Identify Memory Requirement.
-- Individual values.
COLUMN name FORMAT A30
COLUMN value FORMAT A10
SELECT name, value
FROM v$parameter
WHERE name IN ('pga_aggregate_target', 'sga_target')
UNION
SELECT 'maximum PGA allocated' AS name, TO_CHAR(value) AS value
FROM v$pgastat
WHERE name = 'maximum PGA allocated';
-- Calculate MEMORY_TARGET
SELECT sga.value + GREATEST(pga.value, max_pga.value) AS memory_target
FROM (SELECT TO_NUMBER(value) AS value FROM v$parameter WHERE name = 'sga_target') sga,
(SELECT TO_NUMBER(value) AS value FROM v$parameter WHERE name = 'pga_aggregate_target') pga,
(SELECT value FROM v$pgastat WHERE name = 'maximum PGA allocated') max_pga;
Assuming our required setting was 10G, we might issue the following statements.
CONN / AS SYSDBA
-- Set the static parameter. Leave some room for possible future growth without restart.
ALTER SYSTEM SET MEMORY_MAX_TARGET=15G SCOPE=SPFILE;
-- Set the dynamic parameters. Assuming Oracle has full control.

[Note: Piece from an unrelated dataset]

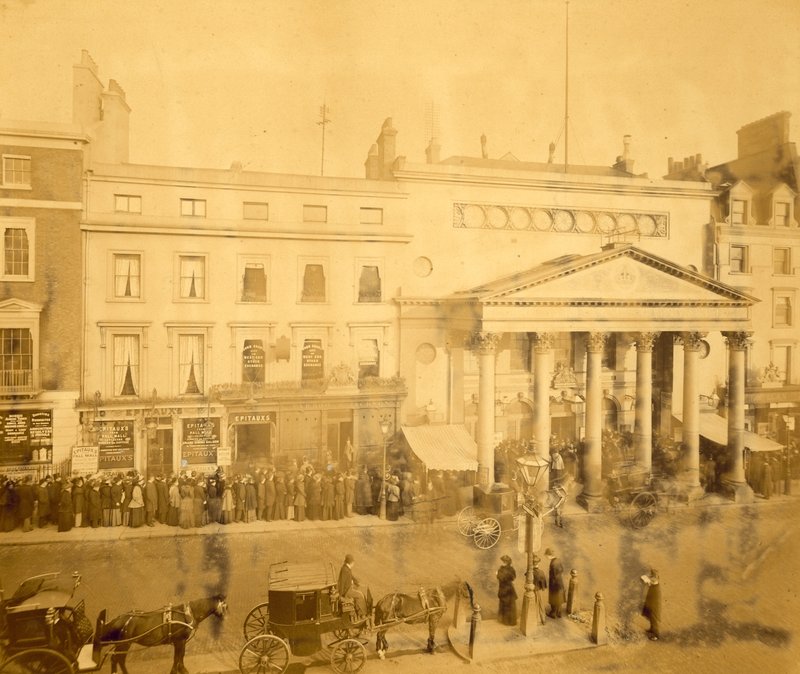 1895年在干草市场排队，参加由特里尔比主演的第一夜 作者 英国摄影师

ALTER SYSTEM SET MEMORY_TARGET=10G SCOPE=SPFILE;
ALTER SYSTEM SET PGA_AGGREGATE_TARGET=0 SCOPE=SPFILE;
ALTER SYSTEM SET SGA_TARGET=0 SCOPE=SPFILE;
ALTER SYSTEM SET SGA_MAX_SIZE=0 SCOPE=SPFILE;
-- Restart instance.
SHUTDOWN IMMEDIATE;
STARTUP;
Once the database is restarted the MEMORY_TARGET parameter can be amended as required without an instance restart.